Earnings In Financials And Interest Rates

Earnings In Financials And Interest Rates

Key Takeaways

  • Earnings Season Outlook
  • Bond Market Signals
  • Market Volatility and Specific Sectors

Stocks gained nearly 1% across the board last week as earnings season got underway and economic numbers continued supporting hopes for a soft landing. If there is a potential canary in the coal mine, it’s bonds, where rates at the long end of the interest rate curve have been climbing and that could tie into earnings. But first, let’s discuss earnings and the week ahead.

While most people don’t consider earnings season to truly kick off until the financials begin reporting, we have had a handful of companies report in addition to JP Morgan and Wells Fargo. Based on those reports and what is forecast, earnings are on a trajectory that would see a growth rate of just over 4%. However, there is a big caveat to that.

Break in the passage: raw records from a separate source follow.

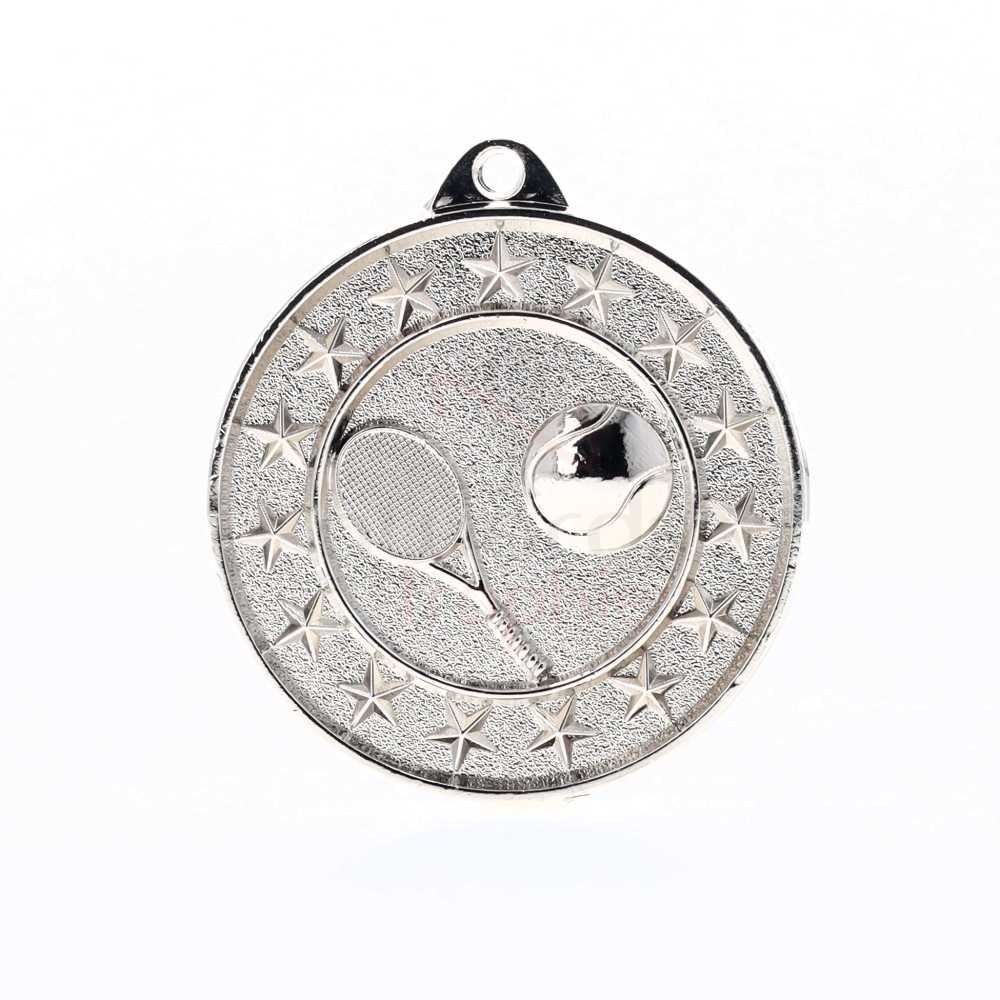 Tennis Starry Medal Silver 50mm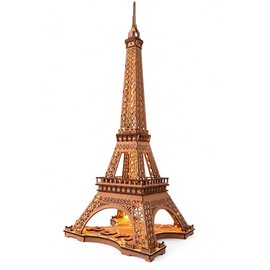 ROBOTIME 3D Puzzle for Adults DIY Model Building Kit Wooden Eiffel Tower Craft Kit Architecture Toy Set Brain Teaser Gifts for Friend
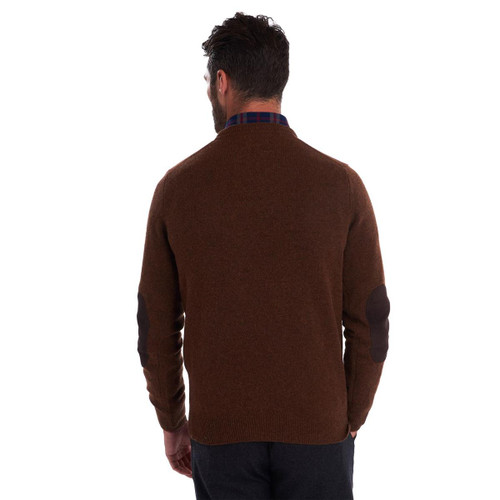 men's barbour patch crew neck lambswool sweater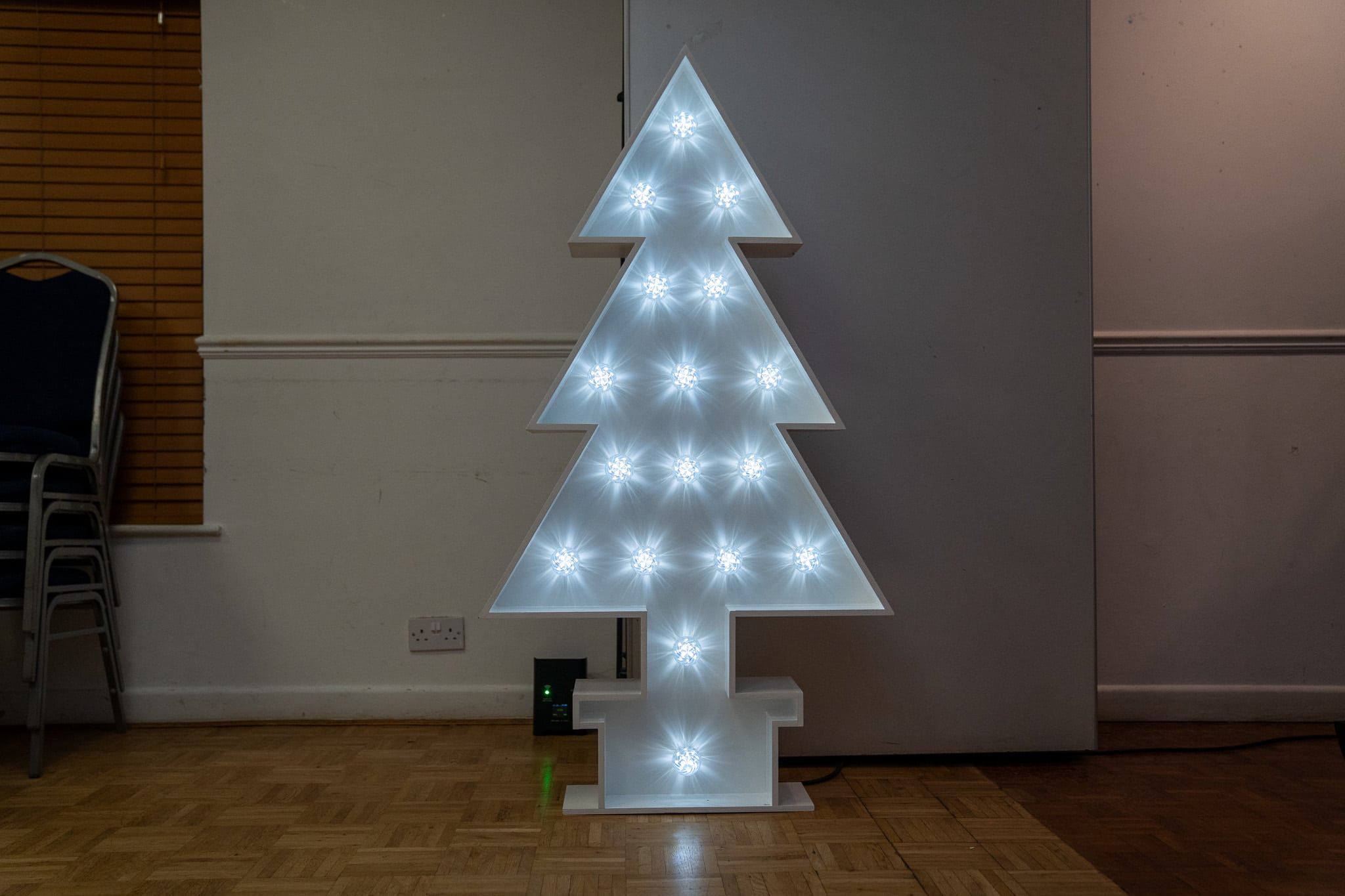 5ft light-up Christmas tree lit white at Aylesbury Tennis Club
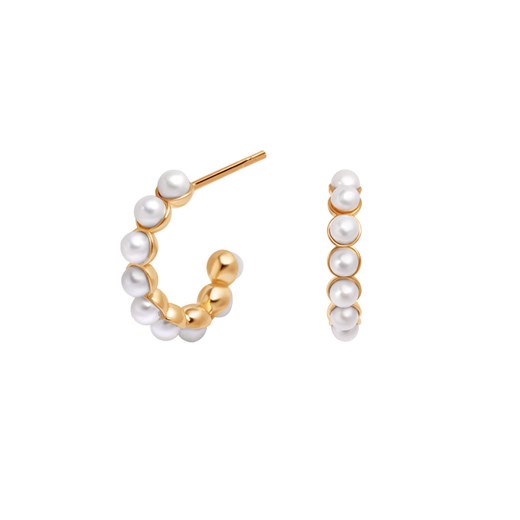 Kolczyki srebrne pozłacane z perłami - Promise ze sklepu YES.pl w kategorii Kolczyki - zdjęcie 163625643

According to FactSet, in thirty-seven of the last forty quarters, actual earnings have exceeded estimates. In fact, reported earnings have been nearly 7% higher than forecast. Therefore, if history is any guide, earnings for the S&P 500 will likely come in closer to 7% and it’s that 7% number which will likely serve as the so-called “whisper number” we often hear about.

While the overall index earnings growth rate matters in terms of fundamental valuation, equally important will be listening to what companies have to say looking forward. Forward-looking statements are always key, but this quarter in particular we could get some nuanced guidance with hedged wording based on the election outcome.

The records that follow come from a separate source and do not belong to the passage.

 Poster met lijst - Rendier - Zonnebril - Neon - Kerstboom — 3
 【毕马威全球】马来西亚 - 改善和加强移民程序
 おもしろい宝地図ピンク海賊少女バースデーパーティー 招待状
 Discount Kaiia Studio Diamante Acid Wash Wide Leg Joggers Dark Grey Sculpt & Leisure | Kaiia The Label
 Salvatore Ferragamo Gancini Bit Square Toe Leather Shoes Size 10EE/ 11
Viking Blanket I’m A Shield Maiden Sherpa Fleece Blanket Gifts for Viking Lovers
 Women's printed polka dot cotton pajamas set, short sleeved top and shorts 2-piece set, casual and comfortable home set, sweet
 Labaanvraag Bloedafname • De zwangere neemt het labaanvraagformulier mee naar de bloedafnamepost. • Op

In looking at this week’s economic calendar, I don’t see any report or reports that are likely to move markets much. However, we do have members of the Fed speaking every day except for Wednesday. In the wake of last week’s release of minutes from the most recent Federal Reserve Open Market Committee (FOMC) meeting, I’m looking for any hints about the next meeting, scheduled just two days after the elections. And that gets us back to bonds.

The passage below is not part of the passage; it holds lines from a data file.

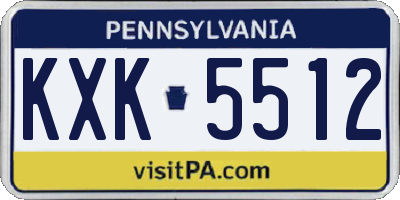 PA license plate KXK5512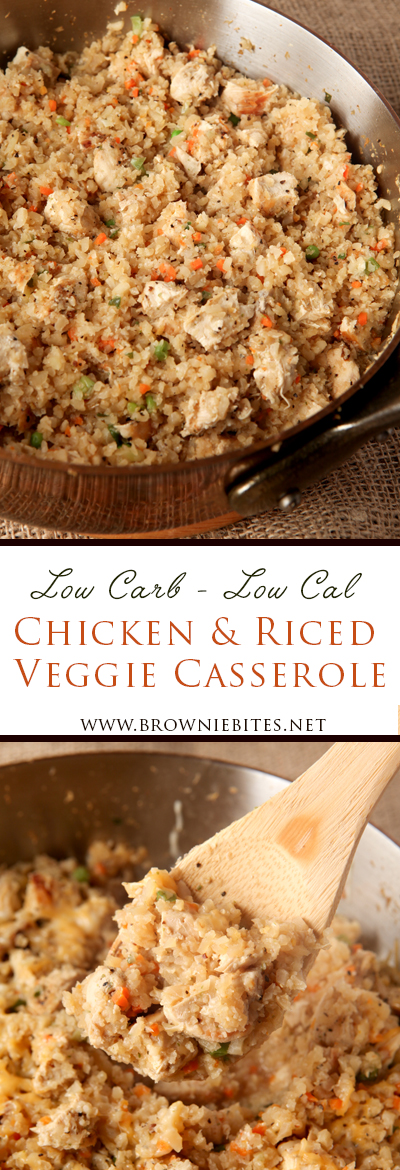 Quick low carb and low calorie meal using a medley of riced vegetables and chicken! Easy dinner idea.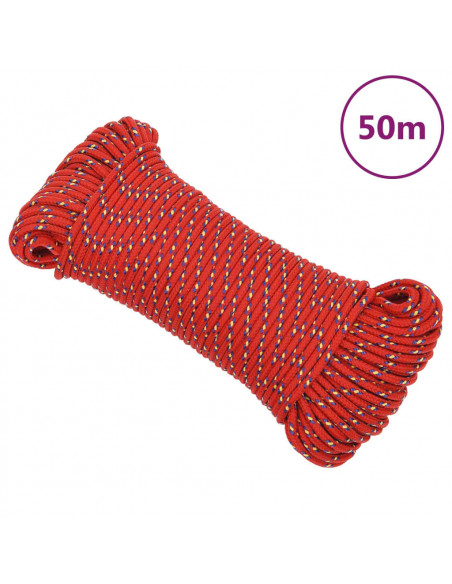 Corda Nautica Rossa 4 mm 50 m in Polipropilene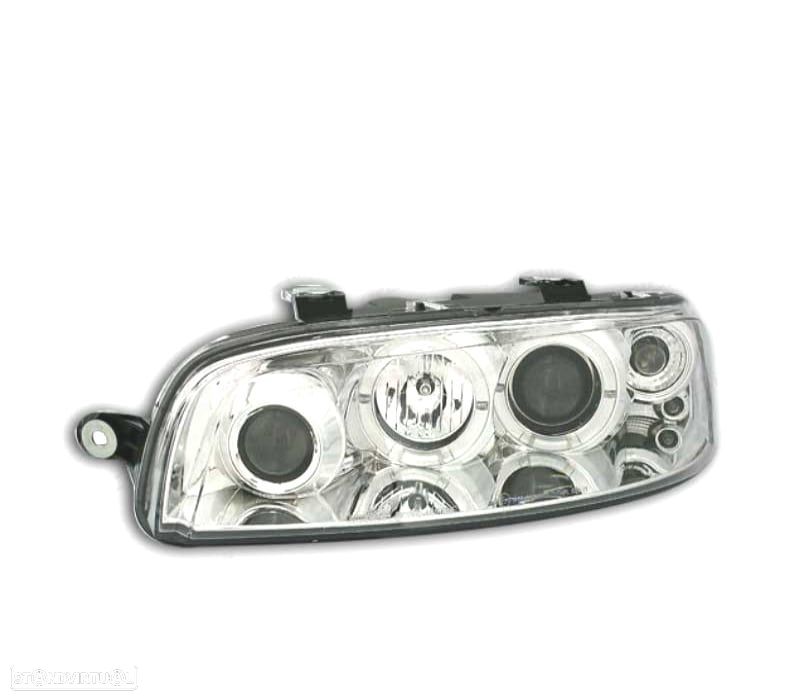 FARÓIS FRONTAIS FIAT PUNTO 99-03 ANGEL EYES FUNDO CROMADO - 1
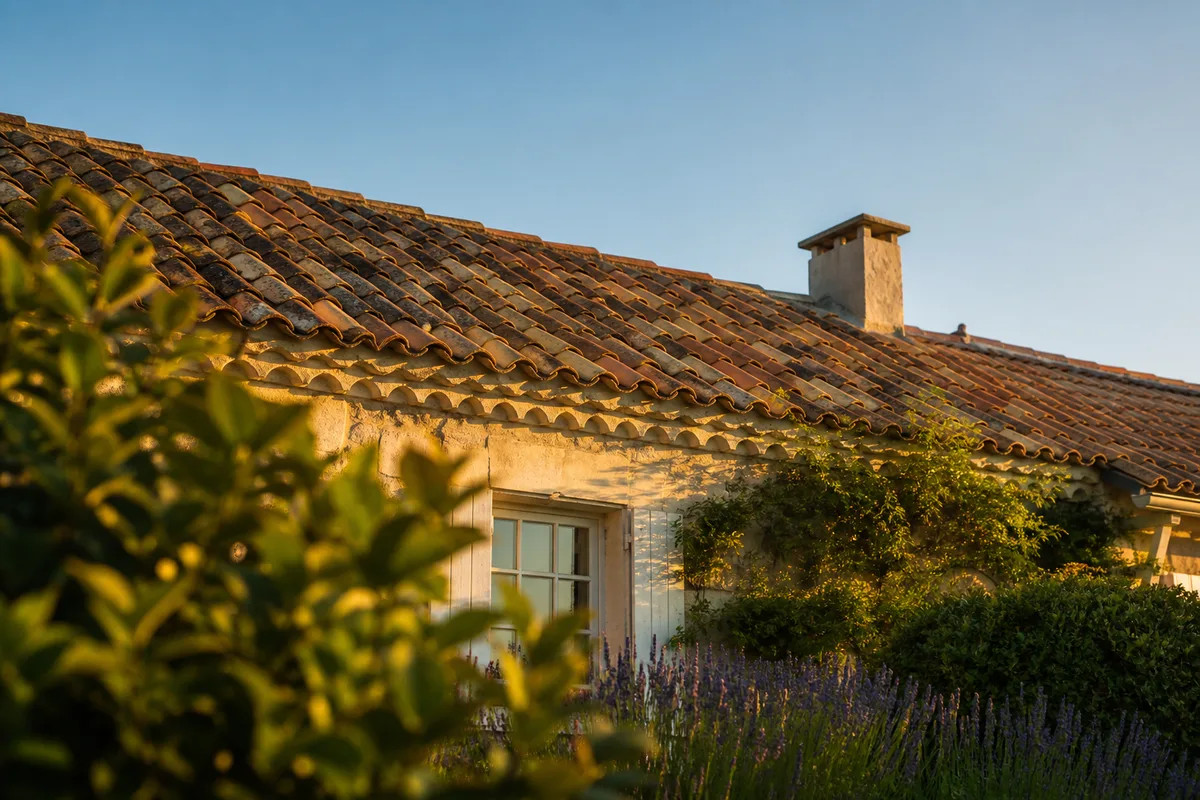 Toiture en tuiles canal d&rsquo;une longère en pierre vue depuis le jardin, cheminée maçonnée et ciel dégagé de fin de journée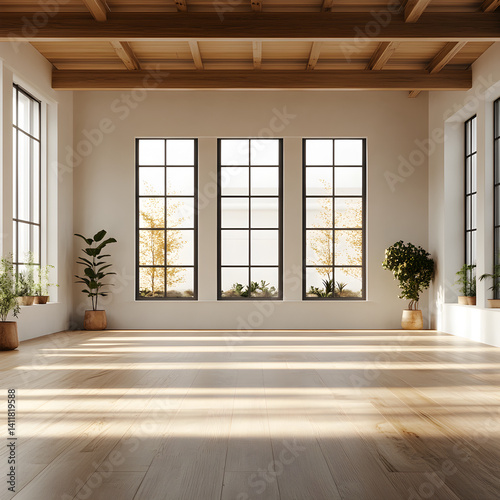 Minimalist Interior with Sunlight: A serene, sunlit interior space. Sunlight streams through tall windows, illuminating the wooden floor, exposed beams, and lush plants.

When analysts talk about the yield curve, they’re talking about interest rates over varying periods of time. Traditionally, bonds taking longer to mature offer a higher rate of return than bonds for shorter durations because money is being tied up for a longer period of time. We’re coming out of a situation where the curve was inverted for an extended period of time. That means, shorter term investments paid more interest than longer term investments. That happens when markets are nervous about the current environment. The curve has now “normalized” but the rates at the long end have not only recovered, they’ve kind of taken off. That suggests less concern about the near-term, but greater concern as we move out in time.

At the beginning of today’s column, I hinted at how the bond situation may tie into earnings. With long-term rates climbing, I am wondering if we are going to hear concerns from companies when discussing future guidance. The bond market is expressing some hesitation, and I want to see if CEOs express similar concerns.

This week on the earnings calendar, we’ll hear from a number of companies in the financial sector. Bank of America, Citigroup, Goldman Sachs and Schwab all report before the open on Tuesday, along with Walgreens. Then later in the week, on Thursday, we’ll hear from Netflix. With Netflix, there have been a number of calls for a price increase despite the streamer already having recently raised prices and cut down on password sharing.

For today, with the bond market closed for the holiday, I don’t expect equities to do too much. These types of days, though rare, are often quiet with low volume. If there are two things I’m watching today, they are the VIX and casino stocks. Despite markets having a good week last week, it’s worth noting volatility crept higher on the week by 6%. That could be a result of any number of things from earnings to the election, but it’s something worth monitoring. And then in Macao, a new leader was elected over the weekend. One of his initiatives is to reduce the number of U.S. companies that own and operate casinos. In premarket, several casino stocks are trading lower. As always, I would stick with your investing plans and long-term objectives.